Find the Right Property

Next, it’s important to choose a property that will perform well as a rental. While there are exceptions, many investors find that the most profitable rentals are the ones that fall in the middle of the scale. Look for properties that are in nice, middle-class areas, near jobs and good schools; this will increase your chances of attracting long-term tenants while avoiding the costs that are often associated with rentals that are located in more exclusive neighborhoods. You’ll also want to carefully consider whether you want a fixer-upper or a turnkey property that’s ready to go. While some investors make it their strategy to purchase homes that are in need of repairs, this method can be risky and costly if you don’t know what you’re doing. No matter which option you choose, it’s important to go into it with an airtight plan and a timeline for any repairs.

Run the Numbers

Don’t operate on assumptions alone. It’s important to do your homework and determine how much a property will cost you to operate each year; this includes taxes, insurance, maintenance, repairs, and unexpected vacancies. Next, subtract this figure from your projected annual rental income. While low property prices or estimated high gross yields can be tempting, remember: a cheap property doesn’t necessarily mean that it’s a good deal. Similarly, more expensive properties that promise high returns will make a poor investment if the annual taxes end up eating up most of your profit. What matters most is how well the property will perform in the long-term.
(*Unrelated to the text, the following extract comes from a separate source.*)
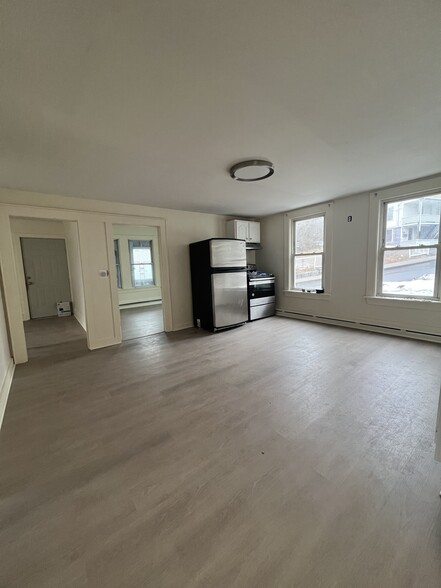 Kitchen/Dining Room - 10 Clifford St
Manage Your Property Profitably

Once you’ve acquired a property, you must manage it in a way that will ensure maximum profitability. Keep in mind that your tenants can make or break the success of your rental, so it’s important to implement comprehensive policies, a solid rental agreement, and a thorough screening process for vetting potential renters. Run background checks, call references, and perform credit checks for all potential tenants. Finally, it’s important to ensure you are operating in compliance with anti-discrimination laws. Always provide your screening procedure in writing. Run it by an attorney to ensure that your questions don’t discriminate against any protected classes. Many investors choose to use property managers, allowing them to offload the work of tenant sourcing and screening as well as the day-to-day tasks associated with property management. This is an especially good idea for those who want a more hands-off experience once they reach retirement.

The single-family residence is still a hot item that can make an excellent addition to your retirement portfolio. Just remember that, as with any investment, it’s important to assess potential properties on a case-by-case basis, ensuring you weigh projected profit and loss.